Sports gambling is still one of the hottest topics among state legislations, with the odds of more adoption being seen in the US before the end of this year. In Connecticut, lawmakers have the ability to choose between two different bills, both of which would allow state tribes, and possibly others, to offer physical, as well as virtual, sportsbooks. If legislators can reach an agreement, the state is looking at an industry that could, according to some estimates, bring in as much as $20 million in annual revenue each year. The fate of the bills now rests with Connecticut’s Joint Committee on Public Safety and Security (JCPSS).
One bill has been presented by the committee’s chair, Joe Verrengia. It would allow retail and mobile wagers at the state’s two tribal casinos, as well as off-track betting facilities and venues that offer state lottery sales, and licenses would initially cost $100,000 with another $750,000 due each five years as a renewal fee. However, commercial casinos, such as MGM, would be kept out of the activity. Based on its past, MGM would certainly be ready to fight the bill if it were to gain enough support.

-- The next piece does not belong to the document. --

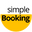 simplebooking.travel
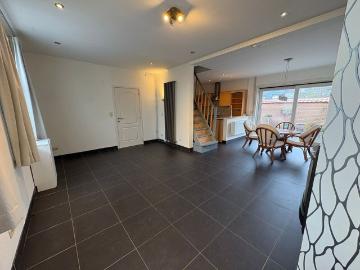 8400, Ostende, Flandre-Occidentale, Flandre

The bill is designed to focus solely on sports gambling, while leaving the subject of casino expansion out. Verrengia is quoted by the Hartford Courant as stating, “[The bill is] narrow in scope. It doesn’t include all of these other things that tend to become complicated. When we’re talking about iGaming and casinos, that just brings up so many other question, and I don’t think we’ll be able to accomplish that in a short session.”
The chair of the Mashantucket Pequot Tribe, Rodney Butler, indicates that the tribe is amenable to sports gambling opportunities. However, it all comes down to what provisions are included in the bill. He explains, “We’d be happy to entertain sports betting legislation that recognizes our exclusivity provisions and long-time partnership with the state. However, the devil is always in the detail and that’s where the path forward has become encumbered in the past.”
The other bill, CT SB21 (in pdf), takes a slightly different approach. It would give exclusivity to the Mashantucket people, as well as to the Mohegan Tribe of Indians of Connecticut. It limits the activity to tribal land, but includes language to allow both retail and online sportsbooks. What isn’t clear is whether or not the online operations would include geofencing to restrict access just to those authorized locations.
That question, as well as many others, will be addressed when the JCPSS meets today. A hearing led by the committee is going to be conducted with stakeholders, and a separate, public hearing will be held on February 25. After that, lawmakers will have until June to either move forward or scrap the plans completely, depending on who gains the most support.
If it’s up to Connecticut Governor Ned Lamont, moving forward would be the right response. He states, “Let’s keep it simple. Sports betting, I think, is something where I think we can reach broad agreement going forward.”